People are weird about mold nowadays. The bees have been dealing with it for years without the over reaction that we have. For the most part, bees take care of mold and mildew as a matter of course. Help them out by scraping off the alarming stuff but beyond that, they'll be just fine and you will too!


----------



## jimsteelejr (Sep 21, 2012)

I just pulled a bunch of frames out to start adding supers to my bees. One stack of 6 medium supers was fine, The other stack was furry with mold. I can't imagine that that would be safe for the bees or people who consume my honey.
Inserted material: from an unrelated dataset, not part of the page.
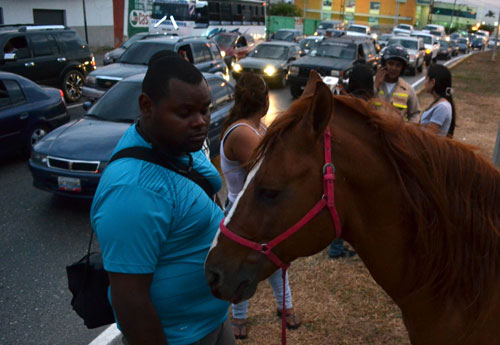 Hombre murió atropellado mientras cabalgaba un caballo en Valencia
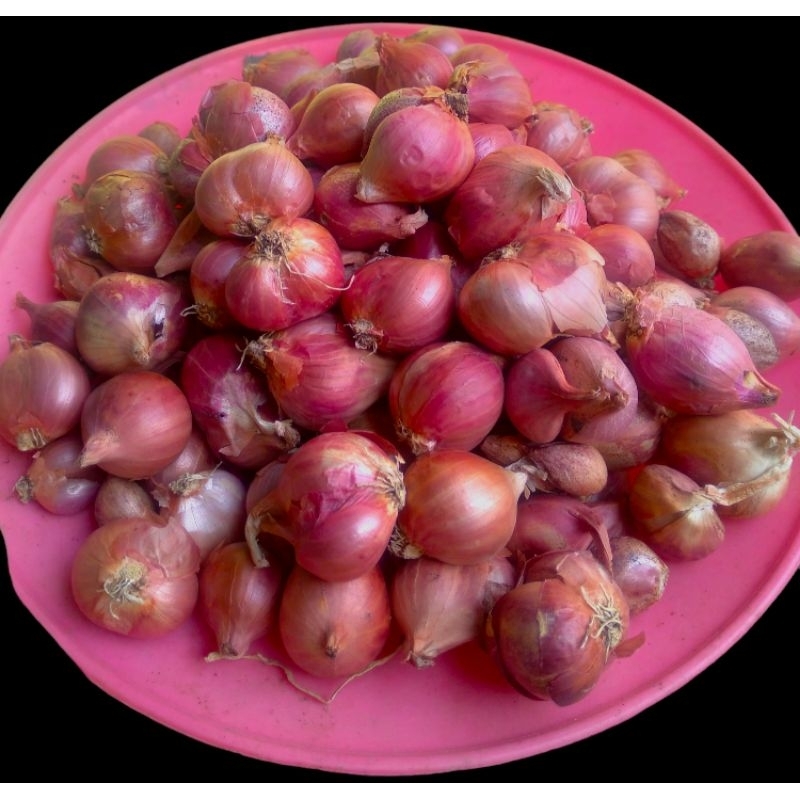 

Bawang Merah Nganjuk 250gr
I read all your posts and want to believe but it just does not seem right to put the moldy frames back on my hives without trying to kill the mold. I plan to use a 1 to 20 bleach solution and soak the frames over night then rinse them and put them in the sun to dry. I will only try it on one hive at first and let everyone know after a couple of weeks what happens.


----------



## camero7 (Sep 21, 2009)

You don't need to soak them, just mist them to disinfect. But bleach is good IMO


----------



## throrope (Dec 18, 2008)

I found two of my hives with heavy mold in the lower deeps. Before I got around to doing anything, the girls cleaned all and if I didn't see it before, I wouldn't have known it happened.

I suggest a light brushing for the surface and leave the rest to the girls. Don't turn this into a project.


----------



## BMAC (Jun 23, 2009)

I let them sit in full sunlight for a couple of days prior to using modly frames. We all hate to see it but it happens.


----------



## wadehump (Sep 30, 2007)

dead wet hollow tree black mold swarm moves in not a problem clean up place propolis every where house keeping 101, dead wet hollow tree colony dies out over winter mold and dead bodies all around swarm moves in cleans up house keeping 101


----------